Asking price: €650,000

Agent: Coonan Property

Behind these gates is a pretty little detached gate lodge that gives you privacy while having amenities on your doorstep. Leixlip village centre is a five-minute walk.

It also has a somewhat tenuous link to the lesser-known part of the house of Guinness story. The part that explains that the world-famous brewery at St. James Gate in Dublin 8 was not the first place to carry Arthur Guinness’ name.

Before St. James’ Gate existed and using an inheritance from his godfather Arthur Guinness bought a lease on a brewery in Leixlip that dates from 13th September, 1756.

A copy of the original lease is displayed in the Court Yard Hotel, the site of this ale-making brewery, which had a view of Leixlip Castle, latterly owned by the Guinness family.

gate lodge

The brewery site was appropriately named Castleview. Its mill race extended down to a mill, and some of these buildings still exist today at the end of Mill Lane.

Part of the mill race is also still visible.

In 1759, Arthur left the Leixlip brewery to his brother Richard and acquired the St.
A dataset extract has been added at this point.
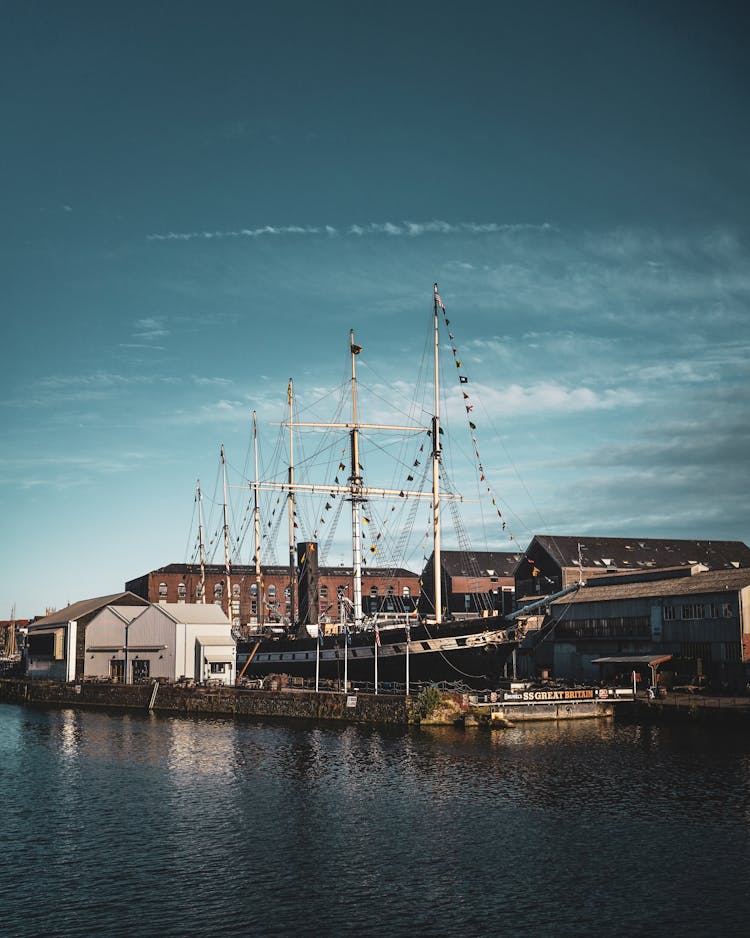 Ship With Masts In Harbor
James’s Gate lease in Dublin.

He turned his attention to porter, and the rest is history.

Downstream from Castletown House and Leixlip Castle, almost the end of the mill race, Forest Lodge was once the gate lodge to Marshfield House, a pretty Queen Anne-style property that was built by an innkeeper and whose lawns run down to the banks of the Liffey.
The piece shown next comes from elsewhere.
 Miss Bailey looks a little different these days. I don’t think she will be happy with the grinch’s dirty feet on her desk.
A two-bedroom, two-bathroom property, it extends to about 92 square metres.

But it is its surroundings and outbuildings that should pique the interest of those who want to live centrally but channel nature and some big house bragging rights, whilst living in the centre of the heritage village.

Set on 0.8 of an acre, it is accessed from Mill Lane through stone gated piers.

It has mature trees, some granite boundary walls, and abounds The Black Avenue to the south, although presently there is no physical entrance on this side of the property.

The next owner should install pedestrian access across the road is St Catherine’s Park, 200 acres of woodland and grassland, with the river Liffey running through it.

It also links Leixlip to Lucan and is home to the Liffey Descent canoe race.

Any future owner who fancies kayaking or SUP will only have a round trip of about 500 metres to get to the water and back.

The cut stone-fronted house has a striking living room with a vaulted ceiling and exposed timber beams.

The kitchen is centred around a four-door Aga.

The layout may need a little reworking.

The second bedroom is off the living room.

The principal bedroom is housed in the flat-roofed extension to the rear.

It has an ensuite, and there is another room off it.

There are long, narrow stone outbuildings that extend to about a further 92 square metres, and there is also a double garage, a timber structure, that adds another 65 square metres of potential space.

The house is single-storey, but there is scope to incorporate the stone buildings into the layout and extend its footprint and size.

There is also some development potential, but it should be noted that the site slopes up to The Black Avenue

Coonan Property is seeking €650,000 for the Ber-exempt property.